Im Herbst gründete Mor das Tikvah-Forum – übersetzt „Hoffnung“. Auch er war mit dem Familienforum nicht zufrieden. „Sie haben uns nicht mit unserer ureigenen Stimme sprechen lassen.“ Mors Stimme, das ist die Stimme derjenigen, die glauben, dass der beste Weg zur Rückkehr der Geiseln militärischer Druck ist. Die Kernbotschaft des Tikvah-Forums lautet: „Wir finden nicht, dass den Terroristen irgendein Preis gezahlt werden sollte.“ Er wolle, dass Eitan „die letzte Geisel in der jüdischen Geschichte ist“, sagt Mor. Dafür müsse man Stärke gegenüber der Hamas zeigen und sie vernichten.
Drei Familien haben das Tikvah-Forum im November gegründet. Inzwischen hätten sich aber etwa dreißig Geiselfamilien der Gruppe angeschlossen, sagt Mor – „aus dem ganzen Land, religiöse und säkulare“. Von anderen Geiselangehörigen wird diese Behauptung bezweifelt.
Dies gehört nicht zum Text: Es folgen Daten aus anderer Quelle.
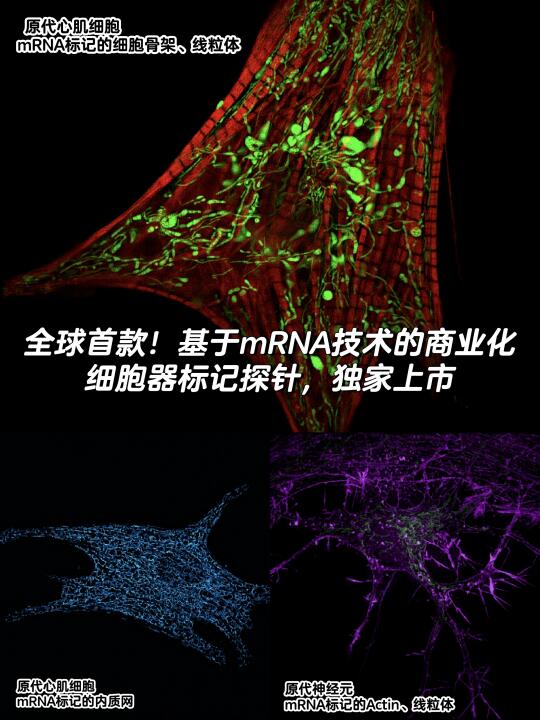 全球首发上市！基于mRNA的细胞器超分辨探针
Unstrittig ist, dass die Familien aus dem Tikvah-Forum einen besseren Zugang zu Netanjahu haben als die meisten anderen – der Ministerpräsident wurde lange Zeit dafür kritisiert, dass er sich nicht oder nicht oft genug mit Geiselfamilien treffe.
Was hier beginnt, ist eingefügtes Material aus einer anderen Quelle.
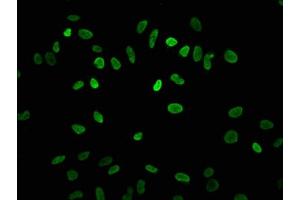Immunofluorescence staining of Hela cells with ABIN7139182 at 1:7. (HIST1H3A antibody  (acLys4))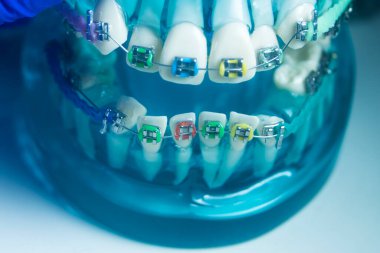 Modern metal parantez hizalayıcıları dişçiler tarafından dişlerin hizalanmasını düzeltmek için kullanılır.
Zvika Mor sagt, es sei an der Zeit für Israel, Stärke zu zeigen. „Wir sind auf dem Weg, alle Kriegsziele zu erreichen – aber es braucht Zeit.“ Mit Blick auf die Kritik anderer Angehöriger, dass die Geiseln keine Zeit hätten, sagt Mor: „Unserer Meinung nach geht es um das Leben von mehr als neun Millionen Israelis.“
Ihr Wohlergehen müsse sichergestellt werden – selbst wenn das auf Kosten des Wohlergehens der Geiseln gehe. Mor gibt sich aber sicher, dass es das Leben der Geiseln nicht gefähren werde, wenn Israel den Druck erhöhe. Die Hamas werde aufgeben. Und Eitan werde zurückkehren.